4. I like traveling by Amtrak. Everything is much slower on Amtrak than either flying or driving.
5. We’re here on earth to be kind to one another and help each other get where need to be.
6. Miles Davis “Kind of Blue” works in the city as well as the rural midwest.
7. I want to work my story, not find a story that fits my work.
8. I’m developing a passion for surrealist literature.
9. In the end, I will die and become one of the billions of nameless, faceless people who have gone before me. Despite the greater proliferation of information, I believe I will become, in death, more obscure than many who have come before me.
3 Responses to “A Move to Simpler Things”

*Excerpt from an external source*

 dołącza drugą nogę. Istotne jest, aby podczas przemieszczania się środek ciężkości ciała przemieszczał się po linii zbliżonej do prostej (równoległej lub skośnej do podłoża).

I really love #3. I have felt that way for a very long time. I read somewhere that there are only 2 fundamental motivators — love and fear. Each of those two can take on many forms, but they all boil down to just those two. I try, very hard, to be motivated by love (I fail often).
I also feel #9.
By Denise on Apr 4, 2008
Denise,
Thanks.
Re #3. I am reading now books by the american surrealist Steve Erickson. He creates apocalyptic, frighting environments in which people are driven by love. Even in such chaotic conditions as the destruction of LA, Our Ecstatic Days for instance, Erickson’s characters always transform themselves or are transformed by love.
By Jay on Apr 4, 2008
I smiled at number 7 because I wouldn’t have it any other way. Also, the top ten seem to be standard comments as I recall hearing a few of them myself over the years. After awhile, I just accept ignorance and sing Angie Stone’s “Life Goes On”.